Subramani (Adhitya), a timid and rich Brahmin boy, falls in love with Lakshmi (Poonam), a poor girl. Raja (Chinni Jayanth), a rich drunkard, joins the college. Raja falls for Lakshmi but later withdraws, and he is content to remain her good friend. Subramani begins to suspect the relationship between Raja and Lakshmi. Subramani becomes a drunkard although Raja stops drinking alcohol.

== Production ==
The film's lead actor, Adithya, made his acting debut in the film. Originally from Punjab, Adithya is the nephew of the choreographer, Chopra of Hindi films, and the son of the winner of the Miss India 1972 pageant.

== Soundtrack ==
The soundtrack was composed by Bobby Shankar, with lyrics written by Pulamaipithan and Kavi Varma.

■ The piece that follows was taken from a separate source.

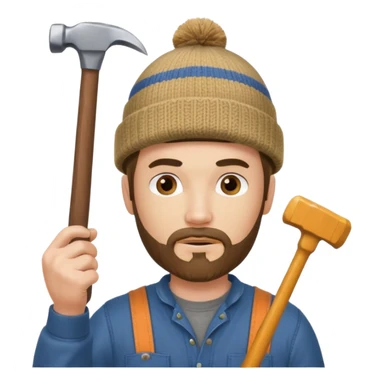 Woodworker goatee knit cap Carharttk shirt hand raised above head sticker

| Song | Singer(s) | Duration |
|---|---|---|
| "Ammaadi Nee Enna" | Unni Menon | 4:48 |
| "Kaadhal Seiya" | Unni Menon, Srinivas | 4:37 |
| "Gopala Site Adichcha" | Dinesh, Sujatha Mohan | 4:17 |
| "Ninaichcha Mudippen" | Dinesh | 4:12 |
| "Penn Pookkalodu" | Srinivas, Dinesh | 4:25 |
| "Vizhiyodu" | Srinivas, Sujatha Mohan | 4:25 |

== Reception ==
Malini Mannath of Chennai Online wrote, "Insipid direction, weakly etched characters and lacklustre narration characterises the film".

== Awards ==
At the 2000 Film Fans Association, Chinni Jayanth won the Commendation award.